Nonbank mortgage jobs have seen a sharp decline in the last two months according to the latest data from the Bureau of Labor Statistics

Nonbank mortgage jobs have seen a sharp decline in the last two months according to the latest data from the Bureau of Labor Statistics

The drop in employment is part of an ongoing trend of consolidation and contraction in the nonbank mortgage sector as smaller lenders and servicers exit the market due to increasing regulations and low rates.

In May, there were 294,400 employees in the nonbank mortgage sector, down from 308,800 in April and 313,000 in March. This decline marks a 6.3% decrease in just two months and a 5.7% fall since February. Year-over-year, nonbank mortgage jobs have dropped 9.5%, from 324,200 positions in April 2020.

The contraction in the nonbank mortgage sector is a result of increased government regulation and the low interest rate environment. Regulations such as the Dodd-Frank Act have placed higher capital requirements on lenders, making it difficult for smaller companies to remain competitive. Additionally, low interest rates have reduced revenue opportunities for nonbank mortgage lenders.

Furthermore, larger banks are increasingly squeezing out niche lenders and servicers from the mortgage industry. Many nonbank participants find it difficult to compete against the larger financial institutions which are able to offer access to better technology, capital, and more favorable loan terms.

In spite of the drop in nonbank mortgage employment, other sectors of the housing industry remain robust. The residential real estate market has been on a tear in 2021, fueled by low interest rates and record levels of home building.
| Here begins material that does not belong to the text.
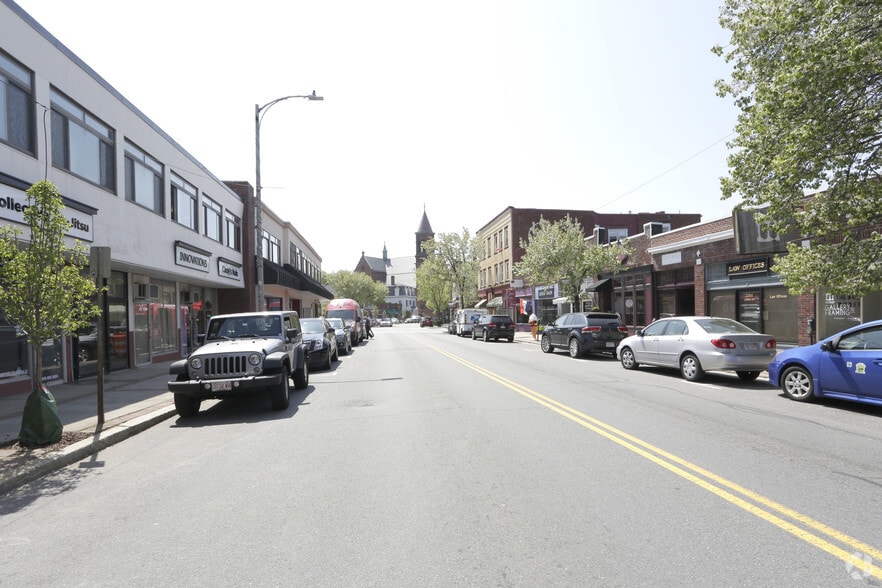 More Photos Of 281-283 Cabot St, Beverly Storefront For Lease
Consequently, employment in residential construction increased 2.2% in April and 11.2% since this time last year. Construction of single-family homes is especially strong, as builders race to meet the demand from buyers.

Overall, the latest figures indicate that the nonbank mortgage sector is continuing to contract due to increasing regulation and competition from larger banks. This is in contrast to the residential real estate market, which is experiencing a resurgence thanks to low interest rates and record levels of home building. Nonbank lenders and servicers must find creative ways to stay competitive in order to survive in an increasingly challenging landscape.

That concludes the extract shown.